Histologic evaluation of resection specimens obtained at 293 endoscopic resections in Barrett's esophagus

BACKGROUND: Evidence-based selection criteria for endoscopic resection (ER) of Barrett's neoplasia are scarce. OBJECTIVE: To study the histopathology of ER specimens of Barrett's neoplasia and correlate this with endoscopic characteristics to make recommendations for patient management. DESIGN, SETTING, INTERVENTIONS: Histology and correlating endoscopy reports of specimens obtained at 293 consecutive ERs performed at a Dutch tertiary referral center between 2000 and 2006 were reviewed. MAIN OUTCOME MEASUREMENTS: Histologic findings in ER specimens and their relation with endoscopic characteristics. RESULTS: A total of 150 ERs were performed for focal lesions: 16% type 0-I, 23% 0-IIa, 7% 0-IIb, 3% 0-IIc, 9% 0-IIa-IIb, and 42% 0-IIa-IIc; and 143 for flat mucosa.
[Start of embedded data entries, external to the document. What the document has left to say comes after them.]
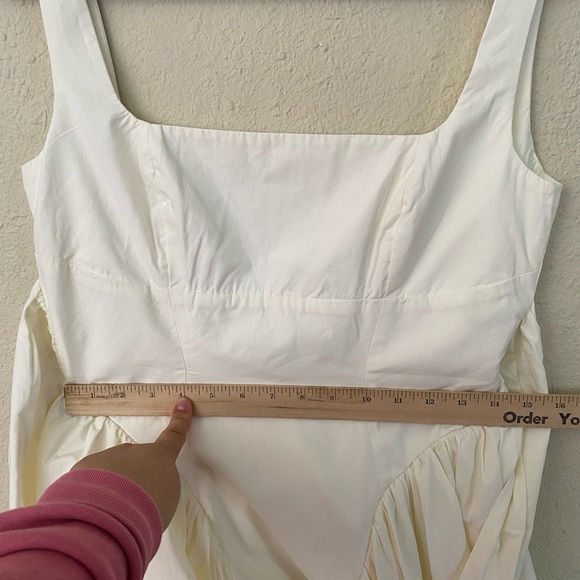 Medium LONGER Fuller Cup HOUSE OF CB 'Florianne' Ivory Bow Mini Dress white NWOT - Picture 7 of 13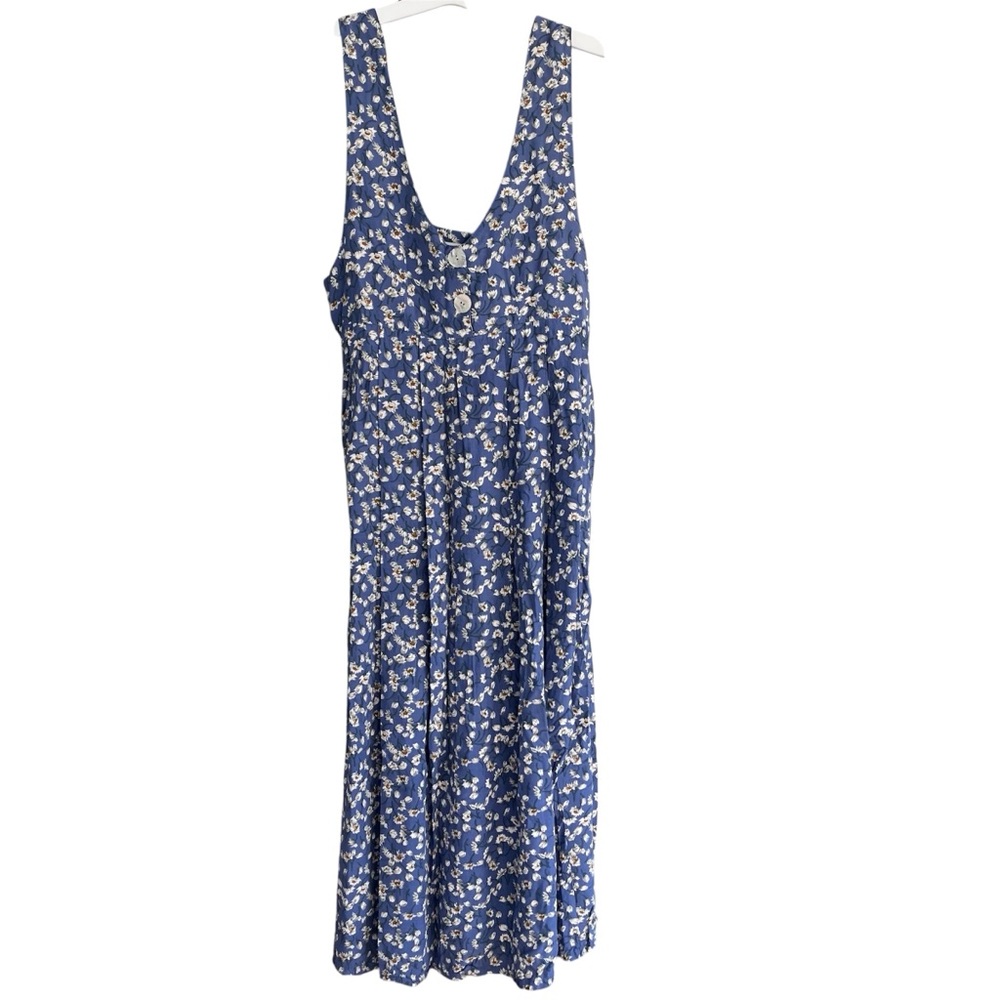 90s express blue floral maxi dress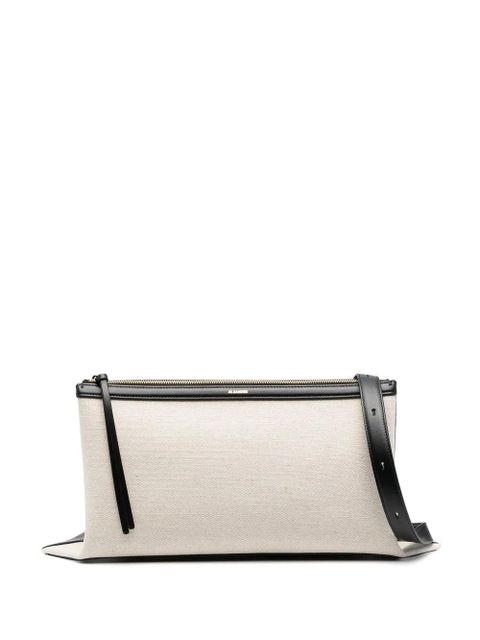 Jil Sander small logo-stamp shoulder bag - Black - zdjęcie produktu nr 1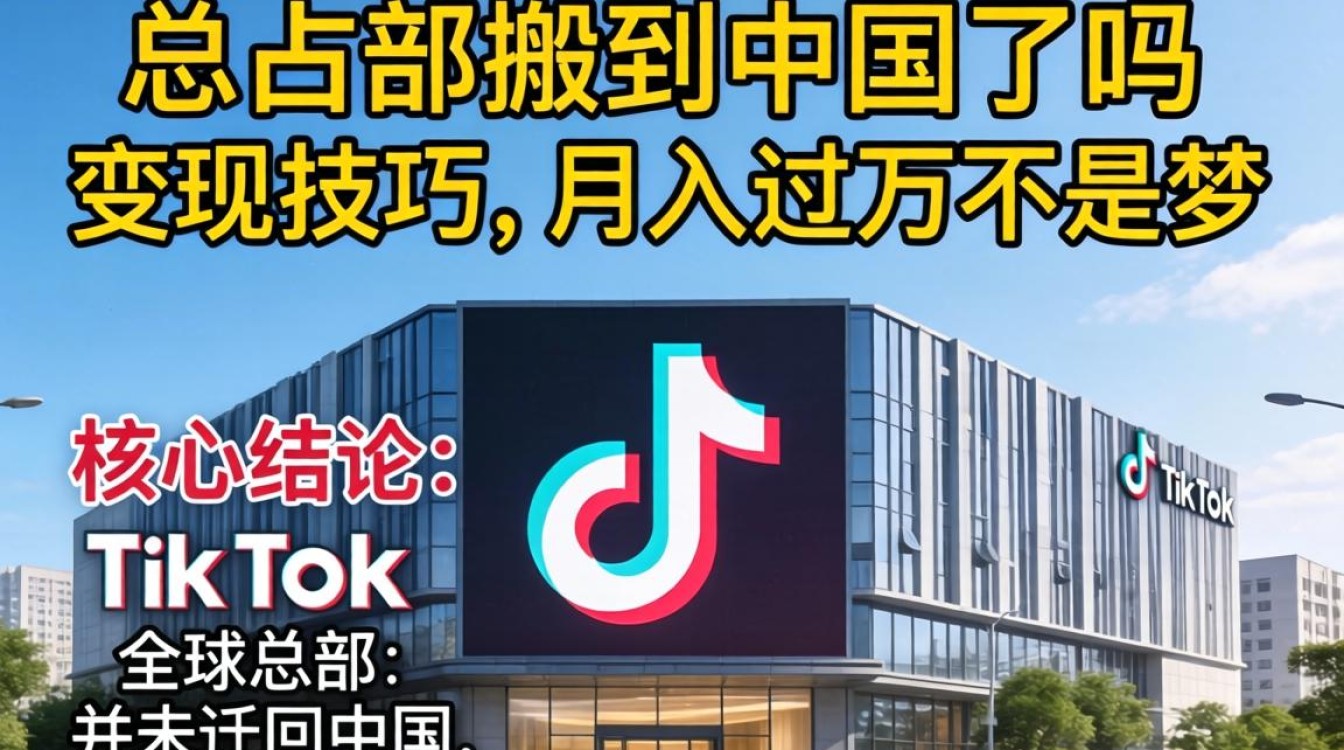 TikTok 总部搬到中国了吗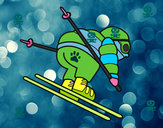 Dibujo Esquiador experimentado pintado por Itzelchris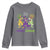 Mardi Gras Dinosaur Youth Sweatshirt Dino Mardi Grawr Firework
Histology revealed no dysplasia in 57 ERs, low-grade intraepithelial neoplasia in 52, high-grade intraepithelial neoplasia in 104, T1m in 61, and T1sm in 17; in two cancers, infiltration depth was not assessable because of artifacts. Type 0-I and 0-IIc lesions significantly more often penetrated the submucosa (P = .009): 60% were G1 cancers, 23% were G2 cancers, and 18% were G3 cancers. G2-G3 cancers significantly more often invaded the submucosa (P < .001) or had positive vertical margins (P = .015). Histology of ER specimens led to a change in diagnosis in 49% of the focal lesions and a relevant change in treatment policy in 30%. LIMITATIONS: A retrospective study. CONCLUSIONS: ER is a valuable diagnostic tool that frequently leads to a change in treatment policy. Most endoscopically resected early Barrett's neoplasia are 0-II type, G1 mucosal neoplasia. Submucosal infiltration is more often encountered in type 0-I and 0-IIc lesions and in G2-G3 cancers.